NEW YORK • Mr Zach Kirkhorn landed his first job out of school with McKinsey & Co and joined Tesla while still in his mid-20s. He is about to take over a finance department that has been through months of tumult.
Mr Kirkhorn, 34, will become chief financial officer of the electric-car maker after a few months more grooming by his predecessor, Mr Deepak Ahuja.
Chief executive officer Elon Musk revealed the shake-up in the closing minutes of Tesla's earnings called on Wednesday and the surprise announcement sent the shares tumbling as much as 5.9 per cent.
Tesla saw a wave of executive departures last year that hit the finance team particularly hard. Chief accounting officer Dave Morton resigned in September after less than a month. Mr Justin McAnear, vice-president of worldwide finance, left in October.
Mr Ahuja, 56, retired in 2015 but returned in 2017 when his successor, Mr Jason Wheeler, announced he had quit after just 15 months.
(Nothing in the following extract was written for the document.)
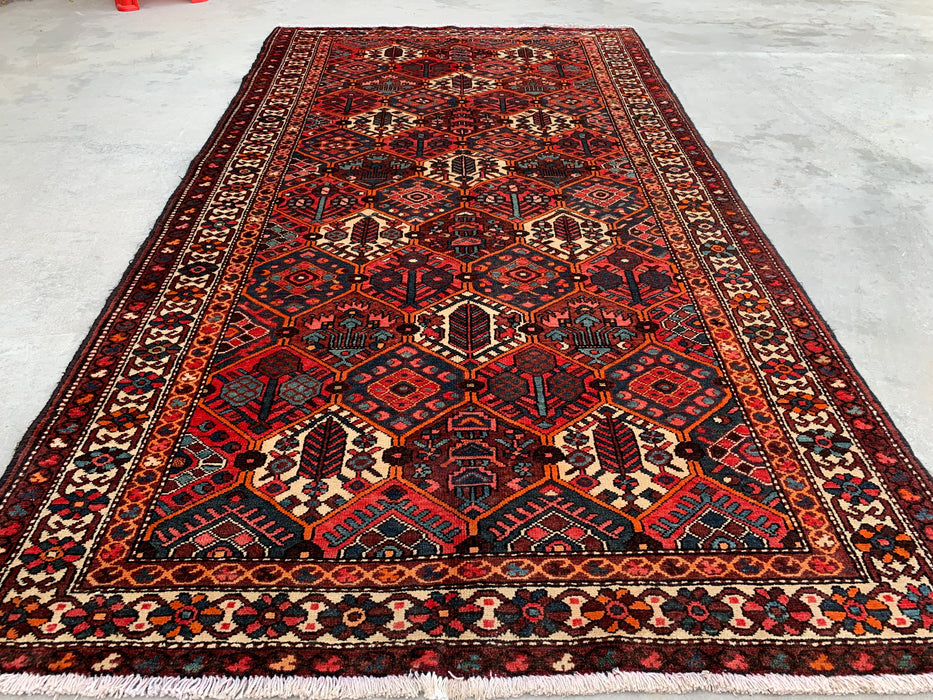 Handgemaakt Perzisch wollen vloerkleed 7x10 - Rood geometrisch tribaal Perzisch stijl kleed met ivoorkleurige rand - Exacte afmeting 9'10" x 5'3" - KBHM-835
He plans to go back into retirement after a few months and continue to serve as a senior adviser, probably for several years, according to Mr Musk.
The CEO joked on the call that he did not think the few years Mr Kirkhorn spent at Harvard Business School were necessary - he earned his MBA in 2013. While he will rank among the youngest CFOs at major United States companies, he has a few years on Mr David Knopf, who took over the role for Kraft Heinz at 29 in 2017.
"Zach's incredibly talented and has made a huge contribution to Tesla over the years," Mr Musk said, adding that his new CFO was "a very well-known quantity to the whole team and has the respect of the whole team".
Tesla shares were already trading lower before the CFO announcement. While the company came up short of analysts' estimates for fourth-quarter profit, it posted US$910 million (S$1,228 million) in free cash flow. Mr Musk also assured investors Tesla will be able to "comfortably" pay off US$920 million worth of convertible bonds maturing next month.
"I feel we're starting 2019 with a very strong financial foundation," Mr Kirkhorn said.
"We have enough cash to continue launching new programmes and developing new technologies, and we're able to service upcoming debt obligations with our forecasted cash flows."